> **Work task**: Give again, word for word, every line in the entries below from the line with "I wish they" up to and including the line with "Faruk Sabanci - Oriental Sentiment", and no other line.

> **Information**:

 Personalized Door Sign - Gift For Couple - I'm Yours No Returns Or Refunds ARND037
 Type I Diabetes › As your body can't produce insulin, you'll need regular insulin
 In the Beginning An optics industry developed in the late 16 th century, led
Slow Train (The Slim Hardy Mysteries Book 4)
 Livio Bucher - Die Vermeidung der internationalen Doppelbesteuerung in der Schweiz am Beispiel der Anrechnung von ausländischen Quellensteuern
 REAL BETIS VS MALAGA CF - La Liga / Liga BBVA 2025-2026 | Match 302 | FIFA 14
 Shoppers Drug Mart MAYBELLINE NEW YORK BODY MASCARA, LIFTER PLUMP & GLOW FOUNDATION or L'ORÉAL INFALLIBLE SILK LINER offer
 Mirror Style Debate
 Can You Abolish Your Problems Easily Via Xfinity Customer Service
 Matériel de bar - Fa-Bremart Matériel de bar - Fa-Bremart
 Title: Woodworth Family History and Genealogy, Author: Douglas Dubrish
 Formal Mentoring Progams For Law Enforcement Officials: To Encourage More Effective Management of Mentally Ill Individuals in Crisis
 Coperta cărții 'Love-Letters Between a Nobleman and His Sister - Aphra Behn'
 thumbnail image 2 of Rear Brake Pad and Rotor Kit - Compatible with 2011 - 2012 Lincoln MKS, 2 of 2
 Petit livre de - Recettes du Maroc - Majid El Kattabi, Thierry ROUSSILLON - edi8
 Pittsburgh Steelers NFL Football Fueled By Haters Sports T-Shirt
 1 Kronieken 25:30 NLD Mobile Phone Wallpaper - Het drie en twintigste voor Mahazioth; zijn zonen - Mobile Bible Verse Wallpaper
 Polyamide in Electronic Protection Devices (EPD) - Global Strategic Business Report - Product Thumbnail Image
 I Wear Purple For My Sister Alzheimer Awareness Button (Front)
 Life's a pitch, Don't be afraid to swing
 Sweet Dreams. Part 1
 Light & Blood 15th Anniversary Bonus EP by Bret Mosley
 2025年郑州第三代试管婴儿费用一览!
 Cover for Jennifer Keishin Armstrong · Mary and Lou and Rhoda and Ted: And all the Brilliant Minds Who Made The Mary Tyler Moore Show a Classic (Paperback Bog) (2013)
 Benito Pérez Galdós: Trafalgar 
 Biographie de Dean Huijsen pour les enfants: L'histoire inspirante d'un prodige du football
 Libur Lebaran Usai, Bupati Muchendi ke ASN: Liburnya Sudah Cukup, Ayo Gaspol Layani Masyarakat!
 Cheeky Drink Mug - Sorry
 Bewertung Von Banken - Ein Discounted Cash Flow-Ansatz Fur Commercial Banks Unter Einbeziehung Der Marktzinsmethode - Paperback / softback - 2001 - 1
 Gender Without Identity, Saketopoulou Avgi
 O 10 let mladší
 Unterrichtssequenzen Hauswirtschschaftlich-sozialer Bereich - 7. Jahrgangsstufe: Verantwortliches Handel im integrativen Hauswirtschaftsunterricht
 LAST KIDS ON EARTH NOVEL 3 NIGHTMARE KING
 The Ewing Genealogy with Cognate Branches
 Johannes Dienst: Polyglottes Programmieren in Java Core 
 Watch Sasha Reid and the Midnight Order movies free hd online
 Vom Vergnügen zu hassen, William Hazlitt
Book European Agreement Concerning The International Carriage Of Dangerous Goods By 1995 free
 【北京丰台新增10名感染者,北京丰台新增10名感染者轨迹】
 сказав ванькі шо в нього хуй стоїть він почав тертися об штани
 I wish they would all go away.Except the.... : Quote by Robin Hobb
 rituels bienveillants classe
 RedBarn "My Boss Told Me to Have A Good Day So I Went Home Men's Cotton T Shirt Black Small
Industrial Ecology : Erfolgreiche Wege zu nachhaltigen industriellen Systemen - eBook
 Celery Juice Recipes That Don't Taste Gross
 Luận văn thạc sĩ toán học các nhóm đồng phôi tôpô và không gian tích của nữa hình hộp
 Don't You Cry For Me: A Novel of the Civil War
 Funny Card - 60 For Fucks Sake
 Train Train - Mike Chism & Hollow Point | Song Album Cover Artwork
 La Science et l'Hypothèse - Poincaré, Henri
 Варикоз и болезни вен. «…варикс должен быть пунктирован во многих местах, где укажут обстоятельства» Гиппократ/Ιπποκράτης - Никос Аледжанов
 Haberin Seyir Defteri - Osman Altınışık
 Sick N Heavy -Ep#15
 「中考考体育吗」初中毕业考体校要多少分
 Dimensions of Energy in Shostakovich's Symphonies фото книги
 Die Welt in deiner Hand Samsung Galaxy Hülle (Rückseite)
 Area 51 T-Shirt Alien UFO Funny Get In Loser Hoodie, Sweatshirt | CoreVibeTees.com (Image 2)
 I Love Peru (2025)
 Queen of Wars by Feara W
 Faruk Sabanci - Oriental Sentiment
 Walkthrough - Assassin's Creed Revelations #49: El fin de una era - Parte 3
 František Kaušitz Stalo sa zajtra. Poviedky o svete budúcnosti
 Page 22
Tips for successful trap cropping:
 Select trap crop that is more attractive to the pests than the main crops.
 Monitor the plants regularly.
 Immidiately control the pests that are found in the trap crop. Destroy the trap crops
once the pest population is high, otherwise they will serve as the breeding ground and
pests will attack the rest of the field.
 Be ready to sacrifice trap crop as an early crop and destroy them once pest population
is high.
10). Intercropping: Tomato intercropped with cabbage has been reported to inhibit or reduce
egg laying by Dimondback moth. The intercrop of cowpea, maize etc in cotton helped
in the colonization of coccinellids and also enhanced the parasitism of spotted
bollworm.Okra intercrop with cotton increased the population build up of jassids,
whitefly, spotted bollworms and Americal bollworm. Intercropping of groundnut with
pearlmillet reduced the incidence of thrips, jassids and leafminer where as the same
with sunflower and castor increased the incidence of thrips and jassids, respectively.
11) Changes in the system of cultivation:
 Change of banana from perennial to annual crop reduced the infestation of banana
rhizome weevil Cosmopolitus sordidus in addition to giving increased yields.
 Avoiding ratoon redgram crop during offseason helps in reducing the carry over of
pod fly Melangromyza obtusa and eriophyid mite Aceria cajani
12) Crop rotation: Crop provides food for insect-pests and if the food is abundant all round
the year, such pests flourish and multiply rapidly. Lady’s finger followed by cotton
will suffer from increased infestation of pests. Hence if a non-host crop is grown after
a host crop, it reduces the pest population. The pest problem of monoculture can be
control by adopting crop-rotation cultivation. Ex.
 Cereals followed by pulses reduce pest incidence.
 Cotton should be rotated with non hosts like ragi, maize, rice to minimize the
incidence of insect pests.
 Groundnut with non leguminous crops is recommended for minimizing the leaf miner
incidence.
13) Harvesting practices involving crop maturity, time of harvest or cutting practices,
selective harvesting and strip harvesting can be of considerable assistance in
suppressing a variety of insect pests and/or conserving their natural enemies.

> **Output of the task**:
 I wish they would all go away.Except the.... : Quote by Robin Hobb
 rituels bienveillants classe
 RedBarn "My Boss Told Me to Have A Good Day So I Went Home Men's Cotton T Shirt Black Small
Industrial Ecology : Erfolgreiche Wege zu nachhaltigen industriellen Systemen - eBook
 Celery Juice Recipes That Don't Taste Gross
 Luận văn thạc sĩ toán học các nhóm đồng phôi tôpô và không gian tích của nữa hình hộp
 Don't You Cry For Me: A Novel of the Civil War
 Funny Card - 60 For Fucks Sake
 Train Train - Mike Chism & Hollow Point | Song Album Cover Artwork
 La Science et l'Hypothèse - Poincaré, Henri
 Варикоз и болезни вен. «…варикс должен быть пунктирован во многих местах, где укажут обстоятельства» Гиппократ/Ιπποκράτης - Никос Аледжанов
 Haberin Seyir Defteri - Osman Altınışık
 Sick N Heavy -Ep#15
 「中考考体育吗」初中毕业考体校要多少分
 Dimensions of Energy in Shostakovich's Symphonies фото книги
 Die Welt in deiner Hand Samsung Galaxy Hülle (Rückseite)
 Area 51 T-Shirt Alien UFO Funny Get In Loser Hoodie, Sweatshirt | CoreVibeTees.com (Image 2)
 I Love Peru (2025)
 Queen of Wars by Feara W
 Faruk Sabanci - Oriental Sentiment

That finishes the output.